Modeling and Simulation of Physical Systems for Hobbyists

Essential Tools for Developing, Testing and Debugging Systems Interacting with the Real World

Manuel Aiple

Playlists: '35c3' videos starting here / audio / related events

This is a foundations talk about modeling and simulation as tools for development, testing and debugging systems. It requires very little previous knowledge to address all makers and hobbyists interested in creating or modifying hardware that physically interacts with its environment (e.g. robots, drones, etc.). It explains the purpose of modeling and simulation, basic principles, and tips and tricks on a practical level.

During the development of robots, drones or other machines, the individual components are usually not all available at the same time, but are developed and tested separately and then assembled to the final system. Thus, it is often useful to have a placeholder that acts just like the missing components that are not present. Or, for debugging, it might be useful to have a reference configuration, which is known to work, in order to exclude potential sources of error.
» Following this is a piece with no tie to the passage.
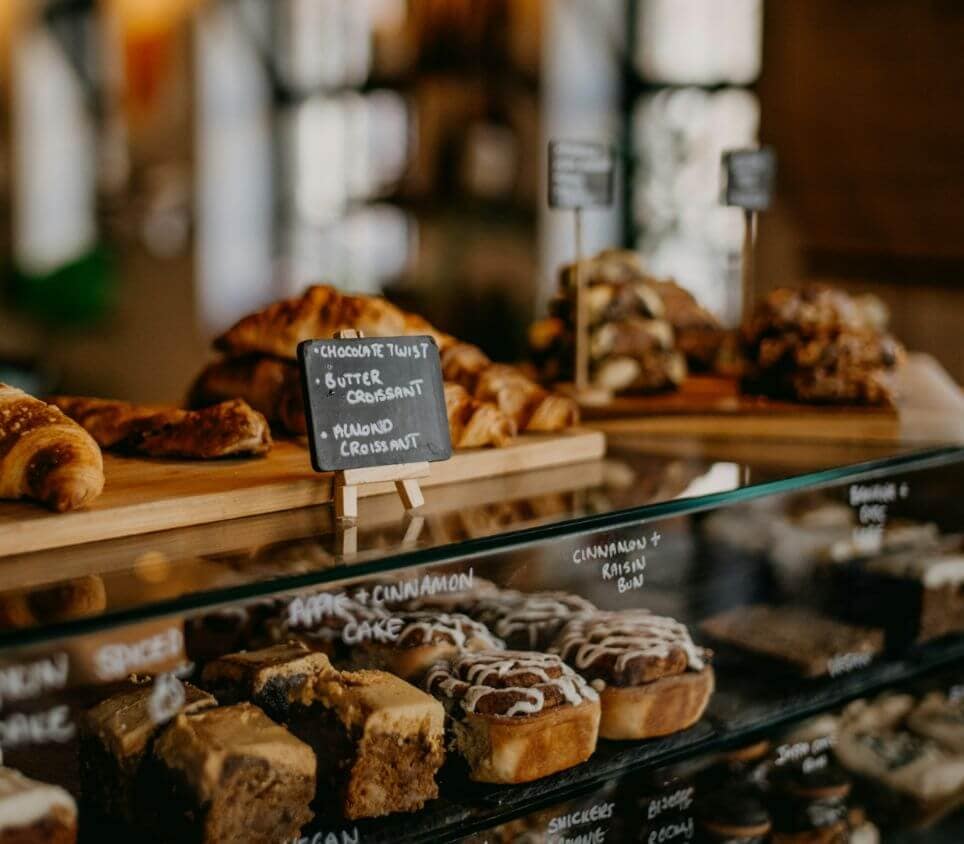 Warm interior of a local bakery and café near Rocklin Burke Mountain in Coquitlam, representing the everyday lifestyle and neighbourhood conveniences surrounding StreetSide’s presale townhome community.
On the other side, it might be helpful to artificially recreate errors to test the system for robustness to these errors without risking real hardware. This is where modeling and simulation are useful tools to make the development faster and less error-prone.

This talk explains basic modeling and simulation techniques that help even for small project, how to model the physical effects encountered most frequently and to make a simulation of the created model run in a simple way. All examples will be held as practical as possible for community projects, relying only on common hardware and open-source software, in order to make them useful for a broad audience.

Bring your computer with Gnumeric, Python and OMEditor installed to follow the examples, if you want.